WHAT YOU HAVE TO DO
The lines to output run from the first line of the entries below through the line containing "Ректор КФУ вице-президенту"; copy them exactly and leave out pictures.
________
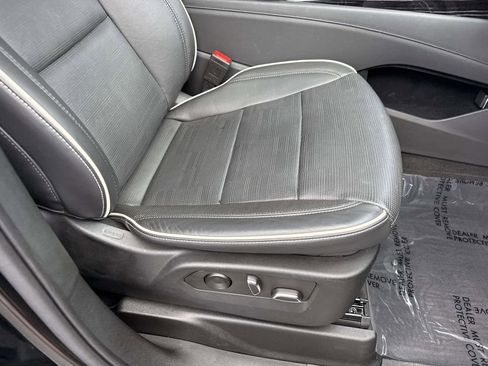 Certified 2023 Cadillac Escalade Sport AWD/4WD image 27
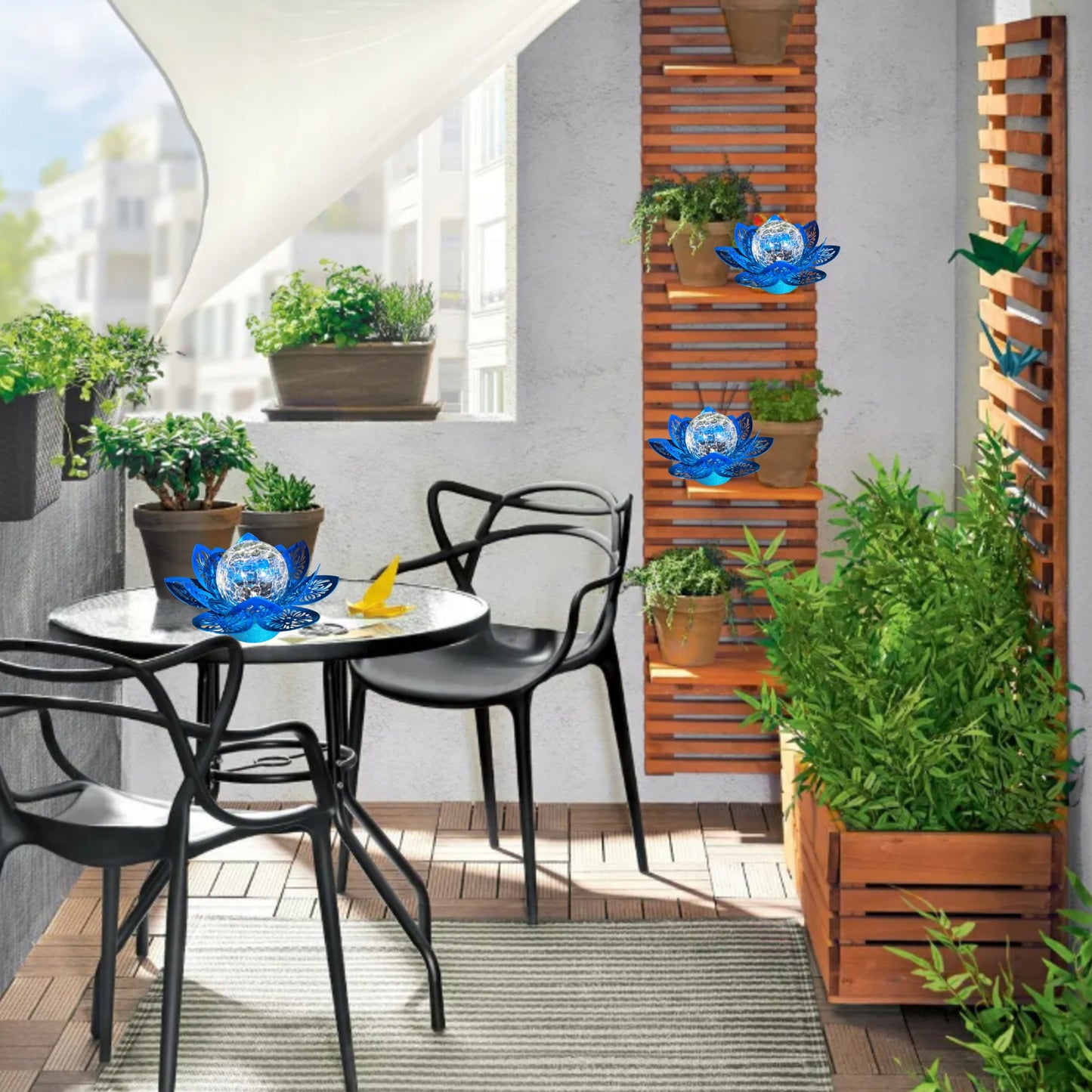 Lampa SOLARNA -kwiat LOTOSU, kolor niebieski Lampion latarenka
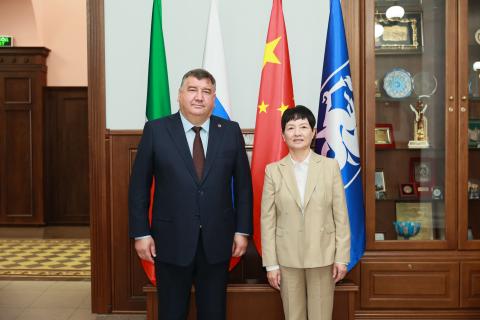 Ректор КФУ вице-президенту Гуанчжоуского института науки и технологий: «Потенциал взаимодействия между нашими вузами далеко не исчерпан»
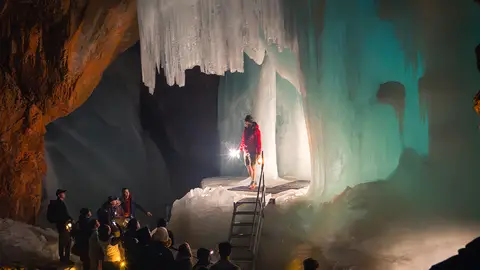 Viajamos a Austria con SuperKarmen para fotografiar la cueva de hielo más grande del mundo Superfoto en Un alto en el camino
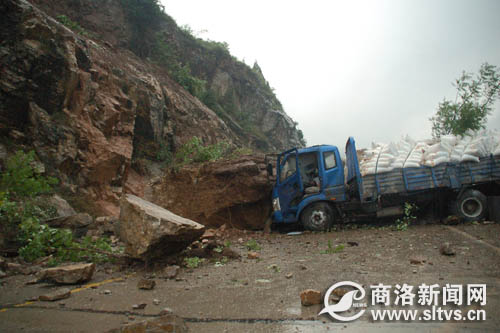 组图：陕西商洛山体塌方 百人冒雨救援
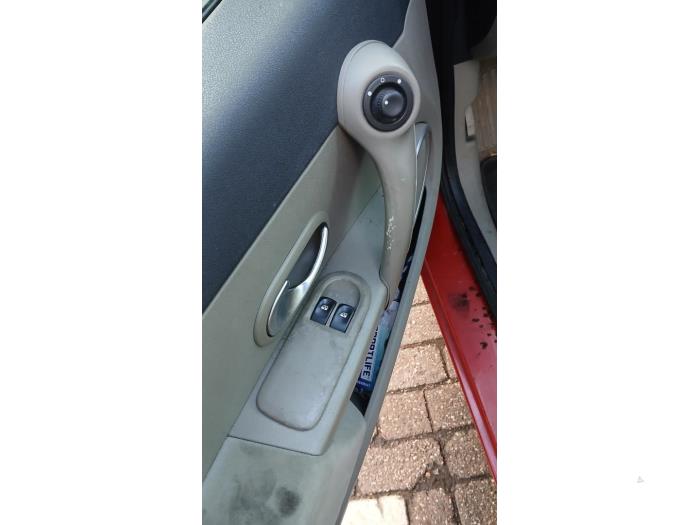 Renault Clio III 1.6 16V Sloopvoertuig (2007, Rood)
________
YOUR SOLUTION
 Certified 2023 Cadillac Escalade Sport AWD/4WD image 27
 Lampa SOLARNA -kwiat LOTOSU, kolor niebieski Lampion latarenka
 Ректор КФУ вице-президенту Гуанчжоуского института науки и технологий: «Потенциал взаимодействия между нашими вузами далеко не исчерпан»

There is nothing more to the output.